At the same time, a few programmes could linger. Boeing has not decided whether it will give up work on the composite dorsal fin for the BAE Systems evolved sea sparrow missile, but the company's interests in the manufacturing technology might keep it going. The same thinking also applies to a high-temperature tailcone supplied for the Bombardier Challenger 300 business jet, where Boeing actually is bound to a lifetime contract.

The company's focus on commercial operations is the Fisherman's Bend facility outside Melbourne. The recently renovated factory is where the company makes the rudder and elevator on the 777, the movable leading edge on the 747-8 and - most importantly - moving trailing edges on the 787.

The 787 works now represents 50% of Boeing's business at Fisherman's Bend, and is projected to account for about $4 billion in business over the next 20 year, says Mark Ross, managing director of Boeing Aerostructures Australia.

The facility has become a centre of excellence within Boeing for building composite aircraft structure. Eight autoclaves inside the Fisherman's Bend facility measuring 15m (50ft) allow Boeing to cure the resin that reinforces the carbon fibre matrix.

The key technology used on the 787 here, however, does not rely on autoclaves. Instead, Boeing's Australian division has developed a method for curing a specially developed resin identified inside the factory as "DXD2000". Instead of heat-pressurising the resin inside an autoclave, this Boeing facility uses a proprietary infusion method.

The concept "bought its way" onto the 787's 10m-long movable trailing edges, Ross says. But the potential of the resin infusion method could grow as Boeing explores new platforms, such as a next-generation narrowbody airliner or a replacement for the 777.

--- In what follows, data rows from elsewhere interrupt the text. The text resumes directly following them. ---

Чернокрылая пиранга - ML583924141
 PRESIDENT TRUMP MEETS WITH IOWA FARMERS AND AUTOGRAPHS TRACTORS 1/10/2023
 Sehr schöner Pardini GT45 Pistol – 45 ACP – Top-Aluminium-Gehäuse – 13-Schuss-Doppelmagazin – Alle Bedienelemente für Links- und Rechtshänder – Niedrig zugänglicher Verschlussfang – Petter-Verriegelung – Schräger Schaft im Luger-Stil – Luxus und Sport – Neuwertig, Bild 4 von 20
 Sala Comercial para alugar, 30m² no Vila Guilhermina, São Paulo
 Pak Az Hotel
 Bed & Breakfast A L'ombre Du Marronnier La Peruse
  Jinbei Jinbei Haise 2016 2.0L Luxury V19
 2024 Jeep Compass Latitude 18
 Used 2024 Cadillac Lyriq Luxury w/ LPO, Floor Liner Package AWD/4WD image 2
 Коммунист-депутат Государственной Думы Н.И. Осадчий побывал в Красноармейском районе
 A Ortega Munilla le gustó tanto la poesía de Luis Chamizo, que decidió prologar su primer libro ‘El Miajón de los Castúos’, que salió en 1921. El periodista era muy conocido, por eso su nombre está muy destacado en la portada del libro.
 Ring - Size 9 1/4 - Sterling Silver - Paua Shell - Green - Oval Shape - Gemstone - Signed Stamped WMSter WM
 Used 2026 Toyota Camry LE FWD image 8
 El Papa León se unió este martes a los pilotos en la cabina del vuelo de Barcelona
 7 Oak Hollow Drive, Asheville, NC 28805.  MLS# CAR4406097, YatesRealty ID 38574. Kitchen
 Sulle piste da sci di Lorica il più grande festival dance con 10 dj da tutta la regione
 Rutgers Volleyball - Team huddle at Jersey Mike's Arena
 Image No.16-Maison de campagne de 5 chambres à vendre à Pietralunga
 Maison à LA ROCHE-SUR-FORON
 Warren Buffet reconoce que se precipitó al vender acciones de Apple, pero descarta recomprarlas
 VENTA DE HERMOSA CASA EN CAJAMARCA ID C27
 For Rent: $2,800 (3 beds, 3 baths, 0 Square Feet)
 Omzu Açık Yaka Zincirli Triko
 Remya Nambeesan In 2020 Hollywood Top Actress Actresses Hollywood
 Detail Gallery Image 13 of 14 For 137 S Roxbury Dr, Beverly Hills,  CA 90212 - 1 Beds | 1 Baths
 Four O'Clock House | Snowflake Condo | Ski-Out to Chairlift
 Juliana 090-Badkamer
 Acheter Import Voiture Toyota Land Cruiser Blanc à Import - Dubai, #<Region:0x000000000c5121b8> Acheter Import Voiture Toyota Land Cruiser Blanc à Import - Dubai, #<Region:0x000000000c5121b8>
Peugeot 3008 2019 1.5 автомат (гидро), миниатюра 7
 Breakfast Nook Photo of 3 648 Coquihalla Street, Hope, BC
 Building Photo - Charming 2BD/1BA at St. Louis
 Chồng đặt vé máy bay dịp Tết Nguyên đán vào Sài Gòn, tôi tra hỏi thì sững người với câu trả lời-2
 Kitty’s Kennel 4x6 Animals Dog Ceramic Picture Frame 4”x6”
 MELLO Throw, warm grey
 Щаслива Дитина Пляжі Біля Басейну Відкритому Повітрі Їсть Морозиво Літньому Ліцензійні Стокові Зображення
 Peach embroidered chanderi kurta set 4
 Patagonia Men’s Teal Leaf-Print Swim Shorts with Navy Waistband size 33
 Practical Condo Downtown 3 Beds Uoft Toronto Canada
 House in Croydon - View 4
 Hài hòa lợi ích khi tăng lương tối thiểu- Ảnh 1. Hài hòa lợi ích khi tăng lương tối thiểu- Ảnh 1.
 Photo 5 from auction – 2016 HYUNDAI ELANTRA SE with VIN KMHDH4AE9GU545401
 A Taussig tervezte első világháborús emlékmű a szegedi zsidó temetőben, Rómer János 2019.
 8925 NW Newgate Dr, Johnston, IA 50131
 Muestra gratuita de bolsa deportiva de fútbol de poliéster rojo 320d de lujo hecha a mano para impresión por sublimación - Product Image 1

"On the next Boeing platform I would expect to see more resin infused material than on [the 787]," Ross says.

Asked whether the technology could migrate from trailing edges to load-bearing structures, such as the wingbox and fuselage, Ross says the capability of Boeing's resin infusion process is not limited to its current applications.

"Resin infusion is in its infancy," says Dong Yang Wu, Melbourne Centre director of Boeing Research and Technology Australia, which supports Ross's business unit. Wu describes the process used on the 787 parts as first-generation resin infustion technology.